Alejandro, desde la esquina, observaba todo. “¿Qué te dio?”, me preguntó, incrédulo de aceptar lo que su olfato le estaba indicando.
– ¡Empanadas!
Ahora caía la noche tropical. Como fugitivos huimos hacia el monte. Buscamos un lugar alejado para armar el campamento; lejos de todo y de todos, como si para comer fuera necesario hacerlo de modo furtivo y oculto (un sentimiento atávico de proteger lo recolectado; la vida entre los náufragos, acaso, nos había dejado sus señas más viles). El hambre arreciaba nuestras fuerzas, sin embargo, ambos sentimos que aquellas empanadas eran algo más. Un milagro criollo al que había que darle un rito. Extender el hambre, entonces, era aceptar la grandeza del acto que acometíamos. A esta altura, comer, y sobre todo comer empanadas, cocinadas por delicadas manos de indias viejas y sabias, era no sólo un hiato con días interminables de arroz sino recuperar el gesto sublime, civilizatorio, de la alimentación.
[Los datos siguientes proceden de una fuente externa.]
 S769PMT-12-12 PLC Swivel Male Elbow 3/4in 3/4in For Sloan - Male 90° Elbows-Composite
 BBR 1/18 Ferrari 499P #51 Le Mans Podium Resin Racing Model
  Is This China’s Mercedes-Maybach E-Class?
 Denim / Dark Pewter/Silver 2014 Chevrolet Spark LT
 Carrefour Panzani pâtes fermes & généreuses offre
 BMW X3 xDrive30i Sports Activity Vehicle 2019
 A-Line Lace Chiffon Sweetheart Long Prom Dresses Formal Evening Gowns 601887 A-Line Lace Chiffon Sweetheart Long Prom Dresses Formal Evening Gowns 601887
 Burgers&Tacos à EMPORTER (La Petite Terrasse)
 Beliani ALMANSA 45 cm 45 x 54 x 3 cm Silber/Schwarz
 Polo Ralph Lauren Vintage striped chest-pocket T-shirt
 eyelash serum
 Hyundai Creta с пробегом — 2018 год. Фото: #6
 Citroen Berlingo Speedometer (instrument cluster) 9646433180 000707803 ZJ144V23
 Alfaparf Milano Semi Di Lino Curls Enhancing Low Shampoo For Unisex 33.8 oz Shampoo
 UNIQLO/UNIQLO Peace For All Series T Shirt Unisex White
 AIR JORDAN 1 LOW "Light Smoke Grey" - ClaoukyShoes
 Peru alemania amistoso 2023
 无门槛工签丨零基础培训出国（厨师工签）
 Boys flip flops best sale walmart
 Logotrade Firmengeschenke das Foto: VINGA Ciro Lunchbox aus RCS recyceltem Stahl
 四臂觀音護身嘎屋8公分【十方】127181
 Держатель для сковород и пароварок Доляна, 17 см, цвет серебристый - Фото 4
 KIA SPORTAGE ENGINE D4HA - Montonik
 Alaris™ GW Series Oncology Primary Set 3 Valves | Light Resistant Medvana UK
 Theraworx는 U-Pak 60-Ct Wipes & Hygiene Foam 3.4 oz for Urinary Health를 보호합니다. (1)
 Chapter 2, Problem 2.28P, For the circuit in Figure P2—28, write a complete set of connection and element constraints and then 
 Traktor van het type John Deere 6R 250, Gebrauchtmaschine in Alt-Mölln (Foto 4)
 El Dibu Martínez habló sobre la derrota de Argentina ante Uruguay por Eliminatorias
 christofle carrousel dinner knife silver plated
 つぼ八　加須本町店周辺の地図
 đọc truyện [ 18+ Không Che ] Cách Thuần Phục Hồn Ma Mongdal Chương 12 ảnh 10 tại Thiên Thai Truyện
Encendimos un fuego y colocamos las empanadas a un costado. Nos alejamos hasta el río para ver en perspectiva ese fuego con fondo de yunga alucinada, verde oscuro, en cadenas montañosas que crecían desaforadas en su quietud eterna (de sólo estar, estallamos con Manuel Castilla). La fascinación nos hizo perder de vista el fuego. La magia se hacía presente. Era imposible poner los ojos en ningún lado, sino en esa noche cayendo en estrellas sobre un verde cada vez más oscuro, más impreciso, más tenebroso.
Entonces Alejandro me miró:
– ¿Qué es eso?
– ¿Qué? – respondí suspendido al tiempo cósmico que cabalgaba el firmamento infinito.
– ¡¿Qué es eso?! -repitió Alejandro más fuerte pero él sólo respondió sin esperar mi reacción-. ¡Un zorro!
El animal cruzaba, en sombras fulgurantes, frente a nosotros.
– ¡Qué increíble! -dije emocionado descubriendo al animal.
– Increíble que el zorro hijo de puta nos esté robando las empanadas -gritó Alejandro.
En efecto, el zorro (repitiendo una fábula escrita hace miles de años) se escapaba con la bolsa de empanadas entre sus filosos dientes. Se perdía ahora en la oscuridad creciente de la selva. Corrimos pero el verde oscuro devoraba la luz del fogón entre infinitas plantas, árboles y enredaderas, encerrándose en un nudo primitivo de naturaleza plena. Dentro de esta boca vegetal, retumbaban los gritos de un mundo desconocido al humano: ranas, insectos, animales salvajes. Ya no podíamos hacer nada más que escuchar los pasos del zorro retumbando entre el ramaje profundo.
– ¡Las empanadas de Tizón! -se lamentó Alejandro.
Sí, aquel zorro se estaba llevando, uno vaya a saber dónde, cada vez más adentro de la selva, las empanadas de Héctor Tizón.